Perubahan iklim mempercepat hilangnya keanekaragaman hayati pada tingkat yang mengkhawatirkan, mengubah distribusi kehidupan di bumi itu sendiri (Burrows et al., 2014), mengikis ekonomi, mata pencaharian, ketahanan pangan, kesehatan, dan kualitas hidup di seluruh dunia (IPBES, 2019). Perubahan transformatif global sangat dibutuhkan untuk mengatasi krisis eksistensial ini. Intergovernmental Panel on Climate Change (IPCC) dan Intergovernmental Science – Policy Platform on Biodiversity and Ecosystem Services (IPBES) telah mengakui ketergantungan dan interaksi antara hilangnya keanekaragaman hayati dan perubahan iklim, tidak terkecuali dalam peran biosfer dalam mengatur iklim ekstrem. Baik IPCC maupun IPBES menyerukan tindakan masyarakat yang mendesak untuk mengurangi jejak ekologis manusia dan dekarbonisasi ekonomi global.
Kondisi iklim yang berubah dengan cepat mengancam kelangsungan hidup jangka panjang banyak spesies (Urban, 2015), menyebabkan kepunahan lokal yang meluas (Albano et al., 2021) dan berkontribusi pada kepunahan global spesies (Cahill et al., 2013). Pada tahun 2070, 35% mamalia dan 29% burung diproyeksikan memiliki lebih dari setengah relung iklim mereka di negara-negara di mana tidak ditemukan saat ini (Titley et al., 2021). Perubahan iklim juga mengancam integritas banyak ekosistem di seluruh dunia, termasuk dua ekosistem yang paling beragam di dunia seperti terumbu karang dan hutan tropis (França et al., 2020). Hilangnya keanekaragaman hayati semakin memperdalam krisis iklim, degradasi dan/atau hilangnya ekosistem yang cepat seperti mangrove, hutan tropis, lahan gambut dan lamun (Loisel et al., 2021; Pettorelli, 2021), serta berdampak besar pada kemampuan planet kita untuk menyimpan karbon, sekaligus mengurangi kemampuan alam dan manusia untuk beradaptasi dan mengatasi perubahan kondisi iklim.

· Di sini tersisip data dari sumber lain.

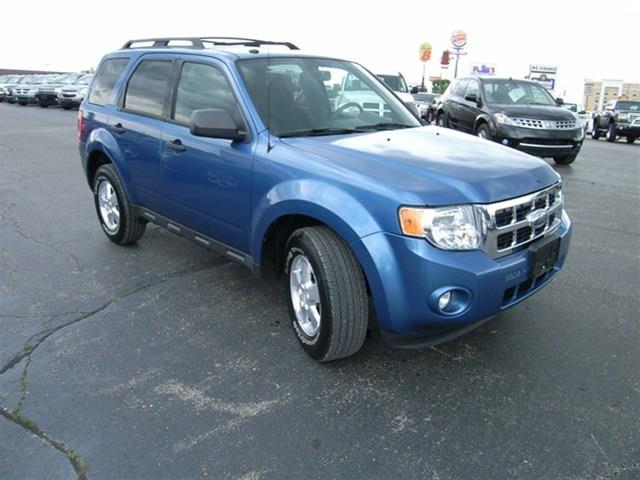 Ford Escape 2009 photo 6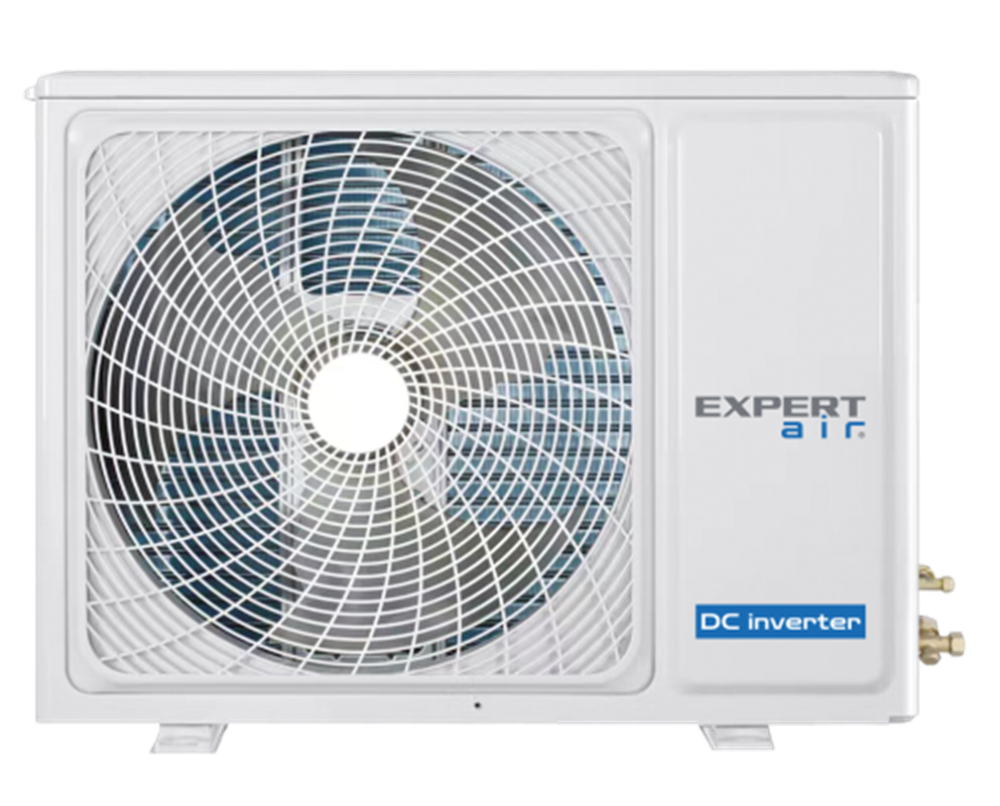 Сплит-система кондиционер настенный Expertair Proff ZAC-I/PR09NPZ на 27 м²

Mengingat keterkaitan ini, tidak mengherankan jika ada peningkatan pengakuan ilmiah dan politik akan perlunya pendekatan global yang lebih terintegrasi untuk mengatasi krisis iklim dan keanekaragaman hayati. Kebijakan dalam menetapkan target iklim dan keanekaragaman hayati harus dicapai jika ingin menghindari dampak terburuk, misalnya target 2°C yang ditetapkan masing-masing oleh Perjanjian Paris 2016 dan Aichi Biodiversity Targets 2020. Namun, sebagian besar gagal memenuhi Target Aichi (Tittensor et al., 2014), sementara semua bukti menunjukkan bahwa target yang ditetapkan oleh Perjanjian Paris 2016 untuk membatasi kenaikan suhu global abad ini juga akan sulit untuk dipenuhi (IPCC, 2018; O’Connor, 2019). Sekarang menjadi lebih penting dari sebelumnya untuk menetapkan target iklim dan keanekaragaman hayati yang kuat, dan untuk dapat memantau kemajuan menuju target ini secara efektif.